Algeria
Vandals and Byzantines
Led by their king, Gaiseric, some 80,000 Vandals, a Germanic
tribe, crossed into Africa from Spain in 429. In the following
year, the invaders advanced without much opposition to Hippo Regius,
which they took after a siege in which Augustine died. After further
advances, the Vandals in 435 made an agreement with Rome to limit
their control to Numidia and Mauretania. But in 439 Gaiseric conquered
and pillaged Carthage and the rest of the province of Africa.

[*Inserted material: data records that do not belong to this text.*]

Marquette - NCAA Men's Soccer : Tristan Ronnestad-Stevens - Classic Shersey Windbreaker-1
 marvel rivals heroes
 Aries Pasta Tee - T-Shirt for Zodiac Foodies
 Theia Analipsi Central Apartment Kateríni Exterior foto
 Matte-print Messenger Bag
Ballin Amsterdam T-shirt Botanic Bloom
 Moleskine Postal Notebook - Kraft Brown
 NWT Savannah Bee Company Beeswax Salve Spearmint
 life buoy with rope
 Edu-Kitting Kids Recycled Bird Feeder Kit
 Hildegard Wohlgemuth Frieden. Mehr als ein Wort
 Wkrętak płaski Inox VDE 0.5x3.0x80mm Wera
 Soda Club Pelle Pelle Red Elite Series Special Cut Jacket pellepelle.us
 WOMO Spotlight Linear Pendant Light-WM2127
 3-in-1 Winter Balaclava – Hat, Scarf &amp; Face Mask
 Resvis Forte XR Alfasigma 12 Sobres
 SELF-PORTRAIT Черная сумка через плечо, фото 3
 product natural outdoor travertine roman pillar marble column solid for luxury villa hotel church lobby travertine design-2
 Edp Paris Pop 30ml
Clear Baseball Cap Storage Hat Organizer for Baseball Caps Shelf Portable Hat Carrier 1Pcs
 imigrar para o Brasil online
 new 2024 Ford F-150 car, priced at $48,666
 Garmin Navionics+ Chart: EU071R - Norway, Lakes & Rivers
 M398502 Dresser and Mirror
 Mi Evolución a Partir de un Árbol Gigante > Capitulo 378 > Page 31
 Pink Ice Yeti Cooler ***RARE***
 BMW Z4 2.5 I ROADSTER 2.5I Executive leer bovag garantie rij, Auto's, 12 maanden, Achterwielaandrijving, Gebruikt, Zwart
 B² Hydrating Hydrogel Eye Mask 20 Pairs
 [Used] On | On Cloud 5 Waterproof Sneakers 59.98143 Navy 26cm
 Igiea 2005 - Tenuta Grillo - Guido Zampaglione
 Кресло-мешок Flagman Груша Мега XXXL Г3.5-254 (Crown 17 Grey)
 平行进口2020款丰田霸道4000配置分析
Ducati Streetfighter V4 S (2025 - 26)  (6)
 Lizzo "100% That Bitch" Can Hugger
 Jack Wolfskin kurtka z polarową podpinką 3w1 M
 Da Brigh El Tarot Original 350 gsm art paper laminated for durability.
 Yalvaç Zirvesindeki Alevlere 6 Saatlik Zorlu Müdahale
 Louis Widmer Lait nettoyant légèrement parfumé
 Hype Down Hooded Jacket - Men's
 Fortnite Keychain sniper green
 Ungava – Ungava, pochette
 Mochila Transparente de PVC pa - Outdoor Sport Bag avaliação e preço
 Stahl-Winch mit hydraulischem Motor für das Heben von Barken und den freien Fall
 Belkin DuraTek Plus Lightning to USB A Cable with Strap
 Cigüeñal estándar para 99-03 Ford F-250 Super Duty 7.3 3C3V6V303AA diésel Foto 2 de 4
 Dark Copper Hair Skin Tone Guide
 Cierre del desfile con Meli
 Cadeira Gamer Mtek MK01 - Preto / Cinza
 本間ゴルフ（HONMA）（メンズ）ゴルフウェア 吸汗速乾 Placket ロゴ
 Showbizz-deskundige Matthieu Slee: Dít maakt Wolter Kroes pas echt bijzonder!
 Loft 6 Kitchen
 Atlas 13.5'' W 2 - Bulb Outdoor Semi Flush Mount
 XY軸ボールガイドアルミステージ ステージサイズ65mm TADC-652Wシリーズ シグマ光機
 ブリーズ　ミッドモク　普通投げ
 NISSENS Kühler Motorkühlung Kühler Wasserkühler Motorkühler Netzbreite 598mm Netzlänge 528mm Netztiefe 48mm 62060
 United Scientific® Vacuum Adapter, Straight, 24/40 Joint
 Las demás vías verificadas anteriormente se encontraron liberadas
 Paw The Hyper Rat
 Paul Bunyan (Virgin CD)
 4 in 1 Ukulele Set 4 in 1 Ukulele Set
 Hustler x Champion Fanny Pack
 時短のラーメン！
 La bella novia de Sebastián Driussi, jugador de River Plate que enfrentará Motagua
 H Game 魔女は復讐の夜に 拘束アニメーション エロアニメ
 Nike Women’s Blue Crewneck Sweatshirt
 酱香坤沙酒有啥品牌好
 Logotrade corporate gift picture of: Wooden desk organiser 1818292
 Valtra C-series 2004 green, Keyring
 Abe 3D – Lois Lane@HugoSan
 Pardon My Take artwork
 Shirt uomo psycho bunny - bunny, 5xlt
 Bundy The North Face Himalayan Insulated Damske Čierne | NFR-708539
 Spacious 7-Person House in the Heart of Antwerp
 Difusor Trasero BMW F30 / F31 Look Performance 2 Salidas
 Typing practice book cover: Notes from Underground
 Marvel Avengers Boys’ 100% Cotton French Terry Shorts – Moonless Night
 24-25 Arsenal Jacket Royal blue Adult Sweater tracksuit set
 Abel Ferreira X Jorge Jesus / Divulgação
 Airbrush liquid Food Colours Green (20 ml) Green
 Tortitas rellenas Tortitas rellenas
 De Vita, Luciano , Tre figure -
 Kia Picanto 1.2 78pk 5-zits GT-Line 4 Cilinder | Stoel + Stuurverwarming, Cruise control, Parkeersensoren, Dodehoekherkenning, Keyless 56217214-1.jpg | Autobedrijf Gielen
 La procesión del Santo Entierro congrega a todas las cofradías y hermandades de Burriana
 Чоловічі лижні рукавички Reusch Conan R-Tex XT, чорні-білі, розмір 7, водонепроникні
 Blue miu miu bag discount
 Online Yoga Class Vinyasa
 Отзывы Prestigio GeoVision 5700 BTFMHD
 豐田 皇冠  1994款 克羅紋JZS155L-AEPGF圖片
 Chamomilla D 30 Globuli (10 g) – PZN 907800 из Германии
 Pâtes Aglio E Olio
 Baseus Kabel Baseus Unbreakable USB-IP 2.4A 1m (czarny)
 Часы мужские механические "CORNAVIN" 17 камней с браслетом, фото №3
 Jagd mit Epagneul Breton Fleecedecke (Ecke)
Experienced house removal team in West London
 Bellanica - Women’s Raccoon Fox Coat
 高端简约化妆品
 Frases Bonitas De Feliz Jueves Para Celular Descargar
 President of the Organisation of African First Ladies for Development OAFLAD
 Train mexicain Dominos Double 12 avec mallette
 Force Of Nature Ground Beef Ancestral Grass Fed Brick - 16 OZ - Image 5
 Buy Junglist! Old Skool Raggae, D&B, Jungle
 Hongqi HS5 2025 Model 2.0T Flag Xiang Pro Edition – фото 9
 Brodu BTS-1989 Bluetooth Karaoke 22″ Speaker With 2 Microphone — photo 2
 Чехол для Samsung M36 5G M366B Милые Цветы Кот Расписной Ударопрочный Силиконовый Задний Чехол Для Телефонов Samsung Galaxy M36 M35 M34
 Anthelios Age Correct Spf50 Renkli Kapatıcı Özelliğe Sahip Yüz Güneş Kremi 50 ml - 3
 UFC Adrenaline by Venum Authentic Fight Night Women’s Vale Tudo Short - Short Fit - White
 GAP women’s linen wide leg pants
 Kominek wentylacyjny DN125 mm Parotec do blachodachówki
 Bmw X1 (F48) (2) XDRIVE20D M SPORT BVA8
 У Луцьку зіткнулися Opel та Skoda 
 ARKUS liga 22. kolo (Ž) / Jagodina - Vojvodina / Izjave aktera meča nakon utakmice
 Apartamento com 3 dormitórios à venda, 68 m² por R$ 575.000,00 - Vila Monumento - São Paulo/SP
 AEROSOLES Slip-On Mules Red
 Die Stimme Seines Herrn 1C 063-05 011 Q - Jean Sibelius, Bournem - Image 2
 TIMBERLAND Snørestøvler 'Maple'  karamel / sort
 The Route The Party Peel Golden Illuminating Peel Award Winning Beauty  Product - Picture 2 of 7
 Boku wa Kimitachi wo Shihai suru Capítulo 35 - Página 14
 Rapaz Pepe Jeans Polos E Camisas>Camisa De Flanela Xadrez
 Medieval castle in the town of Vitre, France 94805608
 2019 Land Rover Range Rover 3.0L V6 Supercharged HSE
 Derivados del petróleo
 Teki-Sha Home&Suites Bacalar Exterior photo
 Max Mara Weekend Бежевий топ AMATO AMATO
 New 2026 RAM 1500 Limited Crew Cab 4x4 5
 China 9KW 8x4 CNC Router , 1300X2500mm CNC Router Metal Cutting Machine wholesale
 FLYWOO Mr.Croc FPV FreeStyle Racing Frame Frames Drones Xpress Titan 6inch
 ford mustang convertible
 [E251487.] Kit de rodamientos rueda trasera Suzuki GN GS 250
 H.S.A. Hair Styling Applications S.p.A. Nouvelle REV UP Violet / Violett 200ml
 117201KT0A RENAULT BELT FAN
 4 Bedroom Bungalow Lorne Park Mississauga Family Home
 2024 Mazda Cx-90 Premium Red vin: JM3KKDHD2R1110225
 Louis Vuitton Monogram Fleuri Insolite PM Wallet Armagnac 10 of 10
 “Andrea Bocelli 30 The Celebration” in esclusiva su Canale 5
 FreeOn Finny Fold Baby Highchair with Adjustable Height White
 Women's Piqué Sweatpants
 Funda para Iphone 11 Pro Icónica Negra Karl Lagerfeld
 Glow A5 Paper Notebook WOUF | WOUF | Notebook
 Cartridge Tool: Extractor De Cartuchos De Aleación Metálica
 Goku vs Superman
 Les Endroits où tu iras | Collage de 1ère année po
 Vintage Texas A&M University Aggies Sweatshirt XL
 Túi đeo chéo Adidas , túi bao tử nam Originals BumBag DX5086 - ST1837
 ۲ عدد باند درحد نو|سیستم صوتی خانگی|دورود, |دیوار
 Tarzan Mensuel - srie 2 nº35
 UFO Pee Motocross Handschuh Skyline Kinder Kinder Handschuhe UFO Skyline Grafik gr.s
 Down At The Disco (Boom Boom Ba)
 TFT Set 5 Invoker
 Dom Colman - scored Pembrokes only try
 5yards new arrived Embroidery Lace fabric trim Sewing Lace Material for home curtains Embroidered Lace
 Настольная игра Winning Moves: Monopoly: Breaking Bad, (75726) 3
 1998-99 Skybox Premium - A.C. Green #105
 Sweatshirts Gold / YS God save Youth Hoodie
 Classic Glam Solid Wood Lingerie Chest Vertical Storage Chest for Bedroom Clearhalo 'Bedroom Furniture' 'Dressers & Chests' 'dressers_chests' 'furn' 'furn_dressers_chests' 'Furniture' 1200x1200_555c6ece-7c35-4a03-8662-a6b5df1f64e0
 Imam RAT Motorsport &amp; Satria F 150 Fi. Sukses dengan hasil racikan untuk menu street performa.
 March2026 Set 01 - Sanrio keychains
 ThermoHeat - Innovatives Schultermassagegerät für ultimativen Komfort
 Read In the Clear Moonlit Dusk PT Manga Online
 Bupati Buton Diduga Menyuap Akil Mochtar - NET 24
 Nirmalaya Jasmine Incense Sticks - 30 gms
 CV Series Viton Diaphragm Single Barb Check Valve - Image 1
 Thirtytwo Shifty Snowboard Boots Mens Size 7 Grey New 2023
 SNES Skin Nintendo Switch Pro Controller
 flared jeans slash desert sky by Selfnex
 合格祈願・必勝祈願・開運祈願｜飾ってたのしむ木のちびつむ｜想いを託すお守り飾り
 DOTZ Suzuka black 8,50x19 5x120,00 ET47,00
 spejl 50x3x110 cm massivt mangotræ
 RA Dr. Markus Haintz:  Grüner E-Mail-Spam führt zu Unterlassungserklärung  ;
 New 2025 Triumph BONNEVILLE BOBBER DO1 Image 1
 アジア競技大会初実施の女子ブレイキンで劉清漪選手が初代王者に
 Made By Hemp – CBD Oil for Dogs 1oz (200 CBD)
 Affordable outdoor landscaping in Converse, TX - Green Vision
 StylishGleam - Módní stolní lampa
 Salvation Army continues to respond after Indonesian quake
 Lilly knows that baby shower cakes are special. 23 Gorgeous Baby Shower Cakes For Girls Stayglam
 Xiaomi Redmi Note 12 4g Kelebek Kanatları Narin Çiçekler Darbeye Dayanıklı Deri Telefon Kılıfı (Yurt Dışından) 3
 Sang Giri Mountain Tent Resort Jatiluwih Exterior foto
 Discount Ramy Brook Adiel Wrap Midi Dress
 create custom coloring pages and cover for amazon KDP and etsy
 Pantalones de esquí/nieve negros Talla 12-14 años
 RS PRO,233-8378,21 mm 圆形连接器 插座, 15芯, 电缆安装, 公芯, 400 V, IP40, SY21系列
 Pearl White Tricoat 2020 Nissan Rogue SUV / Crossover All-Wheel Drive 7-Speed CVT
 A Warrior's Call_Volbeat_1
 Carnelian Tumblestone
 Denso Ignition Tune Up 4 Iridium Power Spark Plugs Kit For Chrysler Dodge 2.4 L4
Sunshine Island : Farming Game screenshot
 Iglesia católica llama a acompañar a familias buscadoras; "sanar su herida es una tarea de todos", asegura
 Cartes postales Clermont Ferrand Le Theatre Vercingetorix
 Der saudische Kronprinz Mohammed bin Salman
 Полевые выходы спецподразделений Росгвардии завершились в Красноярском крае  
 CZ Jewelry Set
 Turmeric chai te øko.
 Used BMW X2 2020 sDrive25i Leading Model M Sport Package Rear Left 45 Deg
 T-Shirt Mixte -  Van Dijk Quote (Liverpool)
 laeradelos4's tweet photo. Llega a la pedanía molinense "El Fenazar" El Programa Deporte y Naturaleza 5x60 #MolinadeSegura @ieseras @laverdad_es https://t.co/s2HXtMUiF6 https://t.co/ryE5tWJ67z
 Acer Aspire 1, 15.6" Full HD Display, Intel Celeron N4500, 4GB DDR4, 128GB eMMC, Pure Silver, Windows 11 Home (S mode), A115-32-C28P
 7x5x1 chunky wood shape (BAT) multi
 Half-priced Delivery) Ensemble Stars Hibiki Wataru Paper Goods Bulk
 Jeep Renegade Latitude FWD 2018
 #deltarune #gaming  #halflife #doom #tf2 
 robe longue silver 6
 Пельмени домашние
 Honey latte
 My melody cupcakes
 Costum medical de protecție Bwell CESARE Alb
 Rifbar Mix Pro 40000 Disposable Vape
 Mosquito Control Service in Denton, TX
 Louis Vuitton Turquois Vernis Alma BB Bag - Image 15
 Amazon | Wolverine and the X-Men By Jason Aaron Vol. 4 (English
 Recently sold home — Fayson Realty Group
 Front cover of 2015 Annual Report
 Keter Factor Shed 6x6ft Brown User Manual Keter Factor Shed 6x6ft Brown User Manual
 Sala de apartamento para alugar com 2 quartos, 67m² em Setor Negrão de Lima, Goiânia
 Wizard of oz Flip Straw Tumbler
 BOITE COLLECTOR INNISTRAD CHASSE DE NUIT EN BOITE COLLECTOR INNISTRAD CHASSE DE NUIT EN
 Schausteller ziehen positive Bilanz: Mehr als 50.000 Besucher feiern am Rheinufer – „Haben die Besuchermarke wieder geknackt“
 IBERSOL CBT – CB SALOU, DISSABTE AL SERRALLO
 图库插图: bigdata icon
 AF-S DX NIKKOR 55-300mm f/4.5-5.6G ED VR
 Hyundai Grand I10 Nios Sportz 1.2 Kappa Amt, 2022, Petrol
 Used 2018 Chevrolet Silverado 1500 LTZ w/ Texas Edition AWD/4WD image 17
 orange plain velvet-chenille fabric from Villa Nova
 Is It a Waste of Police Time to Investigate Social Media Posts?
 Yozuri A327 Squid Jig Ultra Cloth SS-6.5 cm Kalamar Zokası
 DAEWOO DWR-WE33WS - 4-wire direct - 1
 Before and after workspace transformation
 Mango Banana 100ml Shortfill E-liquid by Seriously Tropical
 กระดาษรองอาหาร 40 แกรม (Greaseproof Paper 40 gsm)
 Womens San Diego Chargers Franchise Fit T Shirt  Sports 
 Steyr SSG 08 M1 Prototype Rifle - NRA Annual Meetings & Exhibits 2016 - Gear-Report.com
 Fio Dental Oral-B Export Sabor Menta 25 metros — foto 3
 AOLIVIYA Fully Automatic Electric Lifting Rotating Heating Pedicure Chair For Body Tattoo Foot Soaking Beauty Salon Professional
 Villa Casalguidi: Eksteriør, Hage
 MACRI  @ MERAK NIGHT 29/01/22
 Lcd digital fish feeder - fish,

The resulting decline in trade weakened Roman control. Independent
kingdoms emerged in mountainous and desert areas, towns were overrun,
and Berbers, who had previously been pushed to the edges of the
Roman Empire, returned.
Belisarius, general of the Byzantine emperor Justinian based
in Constantinople, landed in North Africa in 533 with 16,000 men
and within a year destroyed the Vandal kingdom. Local opposition
delayed full Byzantine control of the region for twelve years,
however, and imperial control, when it came, was but a shadow
of the control exercised by Rome. Although an impressive series
of fortifications were built, Byzantine rule was compromised by
official corruption, incompetence, military weakness, and lack
of concern in Constantinople for African affairs. As a result,
many rural areas reverted to Berber rule.